● **Given entries**
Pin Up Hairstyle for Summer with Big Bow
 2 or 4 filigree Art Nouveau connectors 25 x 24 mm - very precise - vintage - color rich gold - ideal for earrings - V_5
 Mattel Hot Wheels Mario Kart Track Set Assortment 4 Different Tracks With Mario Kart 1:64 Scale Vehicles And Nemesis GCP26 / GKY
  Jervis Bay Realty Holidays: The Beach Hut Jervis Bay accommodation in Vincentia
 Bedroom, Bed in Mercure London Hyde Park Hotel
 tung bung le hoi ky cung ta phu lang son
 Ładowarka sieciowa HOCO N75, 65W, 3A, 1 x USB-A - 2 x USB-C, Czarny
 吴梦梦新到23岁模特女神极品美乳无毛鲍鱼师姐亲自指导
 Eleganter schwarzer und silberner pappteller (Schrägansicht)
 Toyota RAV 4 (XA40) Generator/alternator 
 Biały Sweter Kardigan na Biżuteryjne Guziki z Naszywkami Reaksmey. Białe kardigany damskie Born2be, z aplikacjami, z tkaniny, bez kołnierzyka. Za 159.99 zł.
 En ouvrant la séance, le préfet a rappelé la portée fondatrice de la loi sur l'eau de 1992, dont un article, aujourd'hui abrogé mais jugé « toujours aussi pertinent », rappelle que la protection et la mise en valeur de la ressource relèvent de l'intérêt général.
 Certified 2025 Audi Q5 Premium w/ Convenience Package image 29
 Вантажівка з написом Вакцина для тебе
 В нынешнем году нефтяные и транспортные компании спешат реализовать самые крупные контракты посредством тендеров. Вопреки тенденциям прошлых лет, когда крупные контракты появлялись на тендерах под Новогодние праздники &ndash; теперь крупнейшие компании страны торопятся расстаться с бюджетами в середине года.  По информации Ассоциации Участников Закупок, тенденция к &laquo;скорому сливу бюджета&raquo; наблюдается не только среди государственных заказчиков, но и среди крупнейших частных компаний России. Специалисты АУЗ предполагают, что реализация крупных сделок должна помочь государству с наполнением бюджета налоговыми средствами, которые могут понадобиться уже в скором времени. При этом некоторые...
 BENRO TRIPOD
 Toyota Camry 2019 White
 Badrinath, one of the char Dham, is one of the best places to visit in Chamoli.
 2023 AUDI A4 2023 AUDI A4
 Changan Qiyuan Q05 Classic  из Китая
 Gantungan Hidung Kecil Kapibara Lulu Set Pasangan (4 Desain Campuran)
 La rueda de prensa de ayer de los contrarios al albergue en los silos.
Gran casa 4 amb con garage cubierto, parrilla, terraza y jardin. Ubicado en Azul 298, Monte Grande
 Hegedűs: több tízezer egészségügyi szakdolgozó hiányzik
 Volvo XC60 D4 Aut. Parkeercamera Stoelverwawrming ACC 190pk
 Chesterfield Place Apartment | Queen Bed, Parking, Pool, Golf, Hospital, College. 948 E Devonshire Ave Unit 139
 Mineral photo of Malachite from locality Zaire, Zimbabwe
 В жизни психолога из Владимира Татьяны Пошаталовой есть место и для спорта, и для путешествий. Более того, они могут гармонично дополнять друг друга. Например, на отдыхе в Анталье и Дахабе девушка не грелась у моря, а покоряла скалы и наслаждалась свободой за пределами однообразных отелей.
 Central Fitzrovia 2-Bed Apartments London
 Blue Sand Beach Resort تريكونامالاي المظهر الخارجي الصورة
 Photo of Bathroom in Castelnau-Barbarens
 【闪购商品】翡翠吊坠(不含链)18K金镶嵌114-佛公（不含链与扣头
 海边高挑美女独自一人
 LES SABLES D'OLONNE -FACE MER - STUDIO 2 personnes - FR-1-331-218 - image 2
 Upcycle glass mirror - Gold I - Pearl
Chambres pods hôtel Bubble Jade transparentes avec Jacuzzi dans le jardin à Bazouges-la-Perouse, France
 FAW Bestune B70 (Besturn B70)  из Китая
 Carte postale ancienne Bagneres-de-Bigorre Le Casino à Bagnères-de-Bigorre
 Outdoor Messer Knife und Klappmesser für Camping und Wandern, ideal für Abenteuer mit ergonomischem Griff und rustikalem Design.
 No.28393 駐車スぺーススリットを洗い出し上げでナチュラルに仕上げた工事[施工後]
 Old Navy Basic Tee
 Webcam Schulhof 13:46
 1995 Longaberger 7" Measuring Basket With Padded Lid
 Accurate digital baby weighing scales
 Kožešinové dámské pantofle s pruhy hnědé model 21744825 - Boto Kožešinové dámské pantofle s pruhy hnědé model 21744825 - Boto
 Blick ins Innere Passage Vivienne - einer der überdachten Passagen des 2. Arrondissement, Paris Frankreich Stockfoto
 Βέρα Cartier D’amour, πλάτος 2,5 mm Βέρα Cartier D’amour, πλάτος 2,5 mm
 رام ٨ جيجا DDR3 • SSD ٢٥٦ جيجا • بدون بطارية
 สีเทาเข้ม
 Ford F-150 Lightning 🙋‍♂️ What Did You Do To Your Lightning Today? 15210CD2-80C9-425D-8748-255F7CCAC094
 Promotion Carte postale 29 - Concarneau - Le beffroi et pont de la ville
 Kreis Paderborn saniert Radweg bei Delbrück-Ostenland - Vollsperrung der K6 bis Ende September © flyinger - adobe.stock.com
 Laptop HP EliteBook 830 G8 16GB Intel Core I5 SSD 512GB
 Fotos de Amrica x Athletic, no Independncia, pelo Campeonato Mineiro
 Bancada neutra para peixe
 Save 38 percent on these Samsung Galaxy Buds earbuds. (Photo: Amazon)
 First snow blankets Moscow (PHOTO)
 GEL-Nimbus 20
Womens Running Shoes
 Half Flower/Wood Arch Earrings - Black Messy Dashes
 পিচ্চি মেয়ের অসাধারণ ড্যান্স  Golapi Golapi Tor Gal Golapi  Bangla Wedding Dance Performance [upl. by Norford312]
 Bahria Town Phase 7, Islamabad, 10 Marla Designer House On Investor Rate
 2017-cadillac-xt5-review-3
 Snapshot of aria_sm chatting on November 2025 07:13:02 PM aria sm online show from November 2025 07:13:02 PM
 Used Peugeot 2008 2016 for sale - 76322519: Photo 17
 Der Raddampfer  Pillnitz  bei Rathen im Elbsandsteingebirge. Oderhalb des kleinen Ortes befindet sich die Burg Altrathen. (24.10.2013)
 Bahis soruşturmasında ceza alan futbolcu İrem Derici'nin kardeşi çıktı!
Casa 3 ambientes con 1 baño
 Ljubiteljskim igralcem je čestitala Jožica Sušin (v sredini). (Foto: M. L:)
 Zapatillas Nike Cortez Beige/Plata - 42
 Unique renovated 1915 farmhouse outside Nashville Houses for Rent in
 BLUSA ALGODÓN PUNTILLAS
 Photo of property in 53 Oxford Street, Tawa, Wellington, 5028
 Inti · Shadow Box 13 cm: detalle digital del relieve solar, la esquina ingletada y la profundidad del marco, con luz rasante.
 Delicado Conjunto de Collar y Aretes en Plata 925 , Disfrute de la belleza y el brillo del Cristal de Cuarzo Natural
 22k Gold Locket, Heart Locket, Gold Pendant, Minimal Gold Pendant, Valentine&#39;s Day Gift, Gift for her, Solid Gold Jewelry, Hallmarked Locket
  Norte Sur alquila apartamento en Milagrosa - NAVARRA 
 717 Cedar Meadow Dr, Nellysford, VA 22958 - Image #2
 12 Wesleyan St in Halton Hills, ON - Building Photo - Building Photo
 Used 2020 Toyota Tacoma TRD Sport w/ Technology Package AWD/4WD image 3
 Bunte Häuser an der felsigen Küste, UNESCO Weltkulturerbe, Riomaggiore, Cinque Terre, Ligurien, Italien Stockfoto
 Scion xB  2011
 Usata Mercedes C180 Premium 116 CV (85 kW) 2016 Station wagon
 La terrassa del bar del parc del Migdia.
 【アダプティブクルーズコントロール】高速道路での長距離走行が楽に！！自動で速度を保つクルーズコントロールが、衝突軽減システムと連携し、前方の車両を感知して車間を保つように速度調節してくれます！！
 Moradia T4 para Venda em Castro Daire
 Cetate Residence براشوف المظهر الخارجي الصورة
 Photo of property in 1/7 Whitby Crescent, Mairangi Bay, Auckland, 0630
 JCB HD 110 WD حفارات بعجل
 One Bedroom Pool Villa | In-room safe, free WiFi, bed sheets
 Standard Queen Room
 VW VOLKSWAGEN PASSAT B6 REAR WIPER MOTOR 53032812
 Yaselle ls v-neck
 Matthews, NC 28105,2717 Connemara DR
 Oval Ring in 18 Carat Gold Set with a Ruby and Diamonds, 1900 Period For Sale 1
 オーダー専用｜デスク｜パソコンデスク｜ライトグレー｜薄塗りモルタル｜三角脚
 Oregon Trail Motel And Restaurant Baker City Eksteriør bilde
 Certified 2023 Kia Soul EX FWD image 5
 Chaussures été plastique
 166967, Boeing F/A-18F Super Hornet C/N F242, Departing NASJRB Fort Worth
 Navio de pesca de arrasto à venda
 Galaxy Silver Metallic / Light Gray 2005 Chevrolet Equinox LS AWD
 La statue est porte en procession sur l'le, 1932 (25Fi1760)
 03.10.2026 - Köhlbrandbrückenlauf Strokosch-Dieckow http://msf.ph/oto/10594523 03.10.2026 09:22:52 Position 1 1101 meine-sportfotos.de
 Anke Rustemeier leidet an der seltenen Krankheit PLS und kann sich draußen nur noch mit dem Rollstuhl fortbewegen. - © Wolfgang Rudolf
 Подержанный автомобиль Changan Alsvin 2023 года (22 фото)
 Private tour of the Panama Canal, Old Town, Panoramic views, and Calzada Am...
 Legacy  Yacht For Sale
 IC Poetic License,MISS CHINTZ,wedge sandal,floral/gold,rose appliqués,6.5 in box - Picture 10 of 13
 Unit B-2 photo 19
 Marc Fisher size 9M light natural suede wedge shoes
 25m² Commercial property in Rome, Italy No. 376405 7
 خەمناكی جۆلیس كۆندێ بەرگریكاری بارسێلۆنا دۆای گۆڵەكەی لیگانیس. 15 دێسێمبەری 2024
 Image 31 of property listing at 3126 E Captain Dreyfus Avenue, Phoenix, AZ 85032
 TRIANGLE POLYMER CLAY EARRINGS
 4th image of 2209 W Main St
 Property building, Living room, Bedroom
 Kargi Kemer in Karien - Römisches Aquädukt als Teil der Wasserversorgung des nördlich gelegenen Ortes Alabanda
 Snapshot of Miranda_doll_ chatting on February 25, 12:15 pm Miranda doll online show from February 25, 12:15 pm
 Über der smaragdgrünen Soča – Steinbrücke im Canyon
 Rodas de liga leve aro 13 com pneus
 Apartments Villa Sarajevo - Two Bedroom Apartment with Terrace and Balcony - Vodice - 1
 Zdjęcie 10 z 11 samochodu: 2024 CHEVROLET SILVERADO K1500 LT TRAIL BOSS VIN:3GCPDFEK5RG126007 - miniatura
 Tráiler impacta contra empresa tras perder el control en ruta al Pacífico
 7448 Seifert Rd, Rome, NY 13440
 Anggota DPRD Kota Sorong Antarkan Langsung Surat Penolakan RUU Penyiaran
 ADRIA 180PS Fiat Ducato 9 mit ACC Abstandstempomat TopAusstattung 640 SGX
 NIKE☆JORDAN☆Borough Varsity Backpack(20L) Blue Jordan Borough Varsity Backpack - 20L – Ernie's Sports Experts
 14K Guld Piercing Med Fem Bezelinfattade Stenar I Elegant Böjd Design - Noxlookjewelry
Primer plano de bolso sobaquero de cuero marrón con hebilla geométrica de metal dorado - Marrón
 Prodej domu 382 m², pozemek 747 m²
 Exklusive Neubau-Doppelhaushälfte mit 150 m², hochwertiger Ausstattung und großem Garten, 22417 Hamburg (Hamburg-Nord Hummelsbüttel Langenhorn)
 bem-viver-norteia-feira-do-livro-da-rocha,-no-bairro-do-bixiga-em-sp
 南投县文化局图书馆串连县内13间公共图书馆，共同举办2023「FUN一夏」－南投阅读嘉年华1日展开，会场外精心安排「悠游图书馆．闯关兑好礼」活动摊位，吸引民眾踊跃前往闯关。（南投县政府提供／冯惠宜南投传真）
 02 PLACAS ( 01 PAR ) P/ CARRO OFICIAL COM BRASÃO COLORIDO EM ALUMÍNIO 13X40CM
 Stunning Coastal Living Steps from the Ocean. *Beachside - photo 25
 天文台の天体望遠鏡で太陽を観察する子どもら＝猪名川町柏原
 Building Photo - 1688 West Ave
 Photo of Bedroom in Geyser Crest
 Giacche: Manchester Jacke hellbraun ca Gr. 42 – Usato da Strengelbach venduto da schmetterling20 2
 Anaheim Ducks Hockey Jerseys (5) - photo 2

● **What to do**
Above are some records; copy exactly the lines from the one with "Delicado Conjunto de" through the one with "La terrassa del bar del parc del Migdia.", both included, and no others.

● **Written solution**
 Delicado Conjunto de Collar y Aretes en Plata 925 , Disfrute de la belleza y el brillo del Cristal de Cuarzo Natural
 22k Gold Locket, Heart Locket, Gold Pendant, Minimal Gold Pendant, Valentine&#39;s Day Gift, Gift for her, Solid Gold Jewelry, Hallmarked Locket
  Norte Sur alquila apartamento en Milagrosa - NAVARRA 
 717 Cedar Meadow Dr, Nellysford, VA 22958 - Image #2
 12 Wesleyan St in Halton Hills, ON - Building Photo - Building Photo
 Used 2020 Toyota Tacoma TRD Sport w/ Technology Package AWD/4WD image 3
 Bunte Häuser an der felsigen Küste, UNESCO Weltkulturerbe, Riomaggiore, Cinque Terre, Ligurien, Italien Stockfoto
 Scion xB  2011
 Usata Mercedes C180 Premium 116 CV (85 kW) 2016 Station wagon
 La terrassa del bar del parc del Migdia.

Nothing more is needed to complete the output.